Journal of Traffic and Transportation Engineering (English ed. Online) (Aug 2022)
Evaluating the impact of traffic violations on crash injury severity on Wyoming interstates: An investigation with a random parameters model with heterogeneity in means approach
Abstract
This study investigated the impact of traffic violations on crash injury severity on Wyoming's interstate highways. A random parameters multinomial logit (MNL) model with heterogeneity in means was estimated as an alternative to the mixed logit model. This was done to better account for unobserved heterogeneity in the crash data.
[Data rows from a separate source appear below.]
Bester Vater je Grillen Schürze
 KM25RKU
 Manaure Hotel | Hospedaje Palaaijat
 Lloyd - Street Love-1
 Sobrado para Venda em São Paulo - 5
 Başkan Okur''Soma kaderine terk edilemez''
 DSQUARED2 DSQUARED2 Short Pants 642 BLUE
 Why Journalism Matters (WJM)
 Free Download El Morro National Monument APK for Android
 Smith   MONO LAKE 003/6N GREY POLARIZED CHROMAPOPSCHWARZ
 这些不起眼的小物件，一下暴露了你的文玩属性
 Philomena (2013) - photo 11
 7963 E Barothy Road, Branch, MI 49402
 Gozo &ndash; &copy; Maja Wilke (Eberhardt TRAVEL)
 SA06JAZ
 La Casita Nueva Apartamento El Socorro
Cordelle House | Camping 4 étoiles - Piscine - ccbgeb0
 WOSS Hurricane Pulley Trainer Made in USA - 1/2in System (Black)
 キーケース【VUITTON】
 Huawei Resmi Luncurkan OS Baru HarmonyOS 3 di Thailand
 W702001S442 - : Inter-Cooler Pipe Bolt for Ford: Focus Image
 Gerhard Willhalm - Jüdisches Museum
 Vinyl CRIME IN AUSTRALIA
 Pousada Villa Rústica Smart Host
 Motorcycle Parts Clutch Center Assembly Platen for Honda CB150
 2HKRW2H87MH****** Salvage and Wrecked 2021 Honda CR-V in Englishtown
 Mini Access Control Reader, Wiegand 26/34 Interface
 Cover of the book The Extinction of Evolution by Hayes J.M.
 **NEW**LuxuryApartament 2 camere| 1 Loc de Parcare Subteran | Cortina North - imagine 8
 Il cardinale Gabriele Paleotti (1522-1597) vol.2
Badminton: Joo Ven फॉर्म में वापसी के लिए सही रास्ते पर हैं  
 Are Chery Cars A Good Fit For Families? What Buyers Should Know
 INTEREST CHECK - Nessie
As per the results, the random parameters model with heterogeneity in means not only exhibited a better fit but also uncovered more insights regarding the factors influencing crash injury severity. The advanced model showed that traffic violations, crash characteristics and environmental characteristics among other factors impact crash injury severity on Wyoming's interstate highways.With regards to traffic violations, driving too fast for prevailing conditions and driving under the influence of alcohol and drugs were identified as the main violations that significantly influenced crash severity. Among other useful insights, the heterogeneity in mean specification indicated that the likelihood of severe injury crashes is increased by the interactive effect between non-trucks (vehicles not classified as trucks) and driving too fast for conditions. This is a significant implication that high speed behavior by non-truck drivers in adverse weather conditions is ranked as one of the hazardous traffic violations on Wyoming's interstates. This study provided for the first time important information on the impact of traffic violations on crash severity of crashes that occurred on challenging roadways that characterized by mountainous terrain and severe weather conditions. Results from the study will help enforcement agencies in the state to better identify appropriate countermeasures to mitigate the impact of violations on crash severity.